Pero, desde luego, tampoco se trata de despedazar todo proyecto reformatorio porque sí, ni de apoyarlo a rajatabla, inclusive sin conocerlo, y únicamente con base en los reportajes iniciales que concede el presidente elegido a los medios de comunicación. Allí hay esbozos de lo que podrá ser el nuevo gobierno, pero, para emitir juicios serios -a favor o en contra- en torno a reformas de cierta profundidad y calado -por ejemplo, la supresión o reforma de la Procuraduría-, resulta indispensable conocer la integridad de los proyectos, su contenido, alcances y fundamentos.
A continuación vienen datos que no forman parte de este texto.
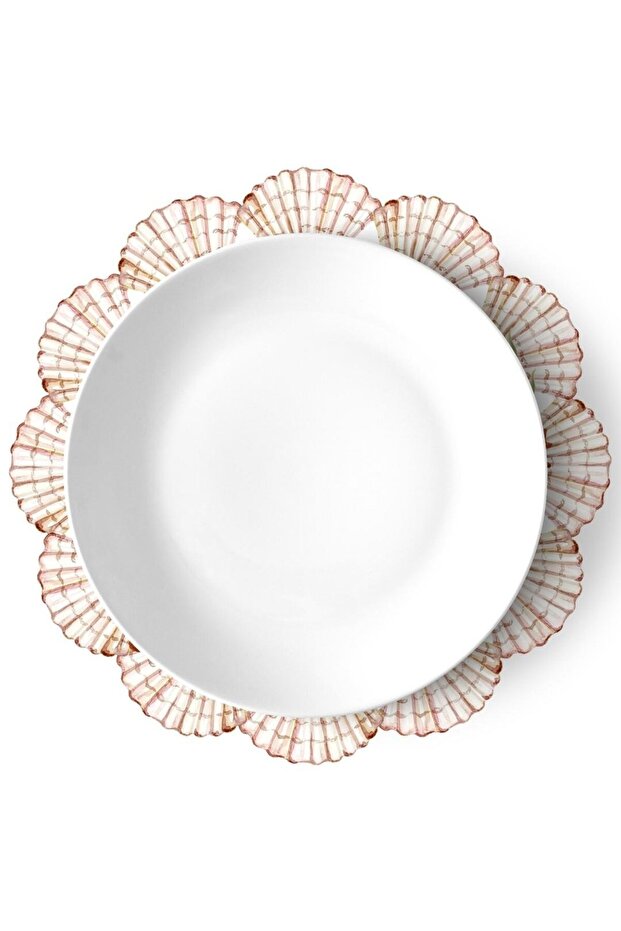 Supla Servisi-12305 - 3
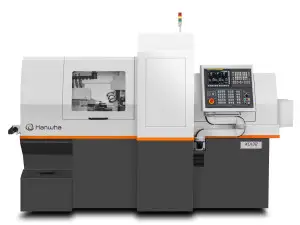 XDI26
Eso no se obtiene solamente a partir de una entrevista radial, y menos con apoyo en trinos publicados por las redes sociales.
Por esa razón, particularmente en lo que atañe a la Constitución Política promulgada hace treinta y un años -que ya ha sufrido cincuenta y cinco reformas-, más vale pensar muy bien, con prudencia y cuidado, acerca de las modificaciones que propongan formalmente tanto el nuevo gobierno como los partidos y la oposición.
Es claro que no hay obra humana perfecta, y por supuesto, ninguna constitución política lo es. Siempre requerirá ajustes, en la medida en que lo exija la evolución de los acontecimientos. Los nuevos fenómenos en todos los órdenes -social, económico, político, internacional, ecológico, tecnológico- implican desafíos para el Estado y para el Derecho. Frente a ellos, el sistema jurídico no puede permanecer estático, so pena de ser superado, revaluado por los hechos.
En consecuencia, mal haríamos en aferrarnos tercamente a las normas en vigor y en oponernos a toda reforma, porque ello implicaría petrificar el ordenamiento fundamental, y de eso no se trata. Pero una cosa es que la Constitución deba responder a la natural evolución de las cosas, implementando las necesarias reformas, y otra es que se imponga la tendencia a improvisar cambios institucionales por razones puramente coyunturales o por conveniencia política de corto plazo.
Algunos -de diferentes tendencias políticas- han propuesto la convocatoria de una asamblea constituyente, con el objeto de proceder a una revisión general de la Carta Política, en especial teniendo en cuenta no solo los cambios en referencia sino la incoherencia que han significado las muchas reformas introducidas. Esa posibilidad existe; fue prevista por la misma Constitución, si bien consagró varias exigencias para su viabilidad. Quien convoca es el pueblo, previo paso por el Congreso -que señala el temario-, con mayorías calificadas y revisión previa de la Corte Constitucional. De modo que esa convocatoria es viable, aunque cabe advertir: con los frenos necesarios para evitar desbordamientos y en especial para que, so pretexto de revisión integral, terminemos sustituyendo la Carta o dando lugar a peligrosos retrocesos institucionales.